In this question, we calculate the centre of mass of the rod by using integration method. To understand the centre of mass of the rod, consider the diagram of the rod. And suppose a particle of mass $dm$ and the length of the particle $dx$ .

Complete step by step answer:
In this question, we have given a rod of length $1\;{\text{m}}$ and the mass is the function of $x$ that is $m = 3x$ . In this problem, we need to calculate the center of mass of the rod.
As we know that the center of mass of a point where the whole body’s mass is supposed to be located or concentrated.
Let us consider a rod of length $L$ and take the mass of rod $m$ .

Let us take the small element on the uniform rod which is the length $dx$ and take the mass on the rod is $dm$ .
The centre of mass may be anywhere at the rod.
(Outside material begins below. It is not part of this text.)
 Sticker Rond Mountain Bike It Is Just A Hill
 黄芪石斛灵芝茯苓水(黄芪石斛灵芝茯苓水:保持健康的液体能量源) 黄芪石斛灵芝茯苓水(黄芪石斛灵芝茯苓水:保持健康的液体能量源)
The center of mass is having only the $X -$ coordinate.
Represent the $X -$ coordinate of center of mass by ${X_{CM}}$ .
Now we can write the center of mass on ${X_{CM}}$ as,
$\Rightarrow {X_{CM}} = \dfrac{{\int\limits_0^L {xdm} }}{{\int\limits_0^L {dm} }}......\left( 1 \right)$
As we know that the mass of the rod is given as,
$\Rightarrow m = 3x$
Now we differentiate the above equation and get,
$\Rightarrow dm = 3dx$
Now, we substitute the value in equation (1),
$\Rightarrow {X_{CM}} = \dfrac{{\int\limits_0^L {x\left( {3dx} \right)} }}{{\int\limits_0^L {\left( {3dx} \right)} }}$
After integrating above equation, we get,
$\Rightarrow {X_{CM}} = \dfrac{{\left| {\dfrac{3}{2}{x^2}} \right|_0^1}}{{\left| {3x} \right|_0^1}}$
After applying the limits, we get
$\Rightarrow {X_{CM}} = \dfrac{{\dfrac{3}{2}\left[ {{{\left( 1 \right)}^2} - {0^2}} \right]}}{{3 - 0}}$
Now, we simplify the above expression and get,
$\therefore {X_{CM}} = \dfrac{1}{2}\;{\text{m}}$
Therefore, the centre of the mass of the rod is at $\dfrac{1}{2}\;{\text{m}}$ .

Note: As we know that the center of mass of a particle is the position of the system. Center of mass is the average position of the particle of the system. Here, it lies in the middle of the rod which is not true for all the cases.